Bob Wills "Riding Your Way -- The Lost Transcriptions For Tiffany Music: 1946-1947" (Real Gone Music, 2014)
The king of western swing, bandleader Bob Wills recorded prodigiously for the Tiffany radio shows during the postwar years, making dozens of "transcription discs," prerecorded short shows which were pressed onto vinyl and sent out to individual radio stations to play in their weekly programming. Several albums worth of excellent material from these shows have come out over the years, but apparently so far they've only scratched the surface... An even greater amount of music is still waiting to be mined, and this 2-CD set is the latest collection to bring this fab music back into the light, including dozens of tracks that haven't been available before. Curated by producer Cary Ginnell, this is a real treat for fans of western swing, and of Bob Wills in particular.

Jim & Lynna Woolsey "The Road That Brings You Home" (Broken Record Records, 2014)
(Produced by & Randy Kohrs & Michael Sumner)

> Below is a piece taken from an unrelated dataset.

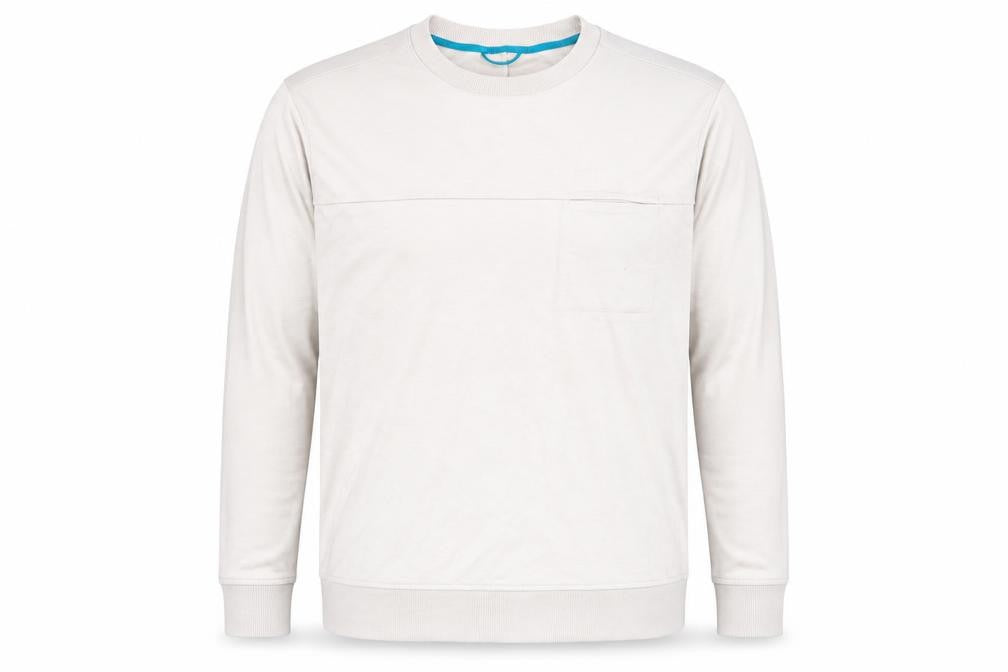 Front view of all in motion men’s beige jumper, size XL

A hot blast of hard-edged roots-Americana and rock-solid bluegrass, built around an impressive set of original songs written by the husband-wife duo of James and Lynna Woolsey. These veterans of the Midwestern bluegrass scene hail from Indiana and have been in regional bands since the 1970s, playing festivals and writing various songs recorded by other artists over the years. Amazingly, this is their first album together, and it's a record that was worth waiting for -- a solid, fully-realized mature work, showcasing several decades worth of experience. Producer Randy Kohrs anchors the band on dobro, along with equally assertive banjo picking from Michael Sumner, adding to a rugged modern bluegrass style that reminds me of bands such as The Steel Drivers, with a slight hint of edgy, southern-rock sensibility. This is a very strong album, decades in the making -- be great if they could follow it up soon with something of an equal calibre!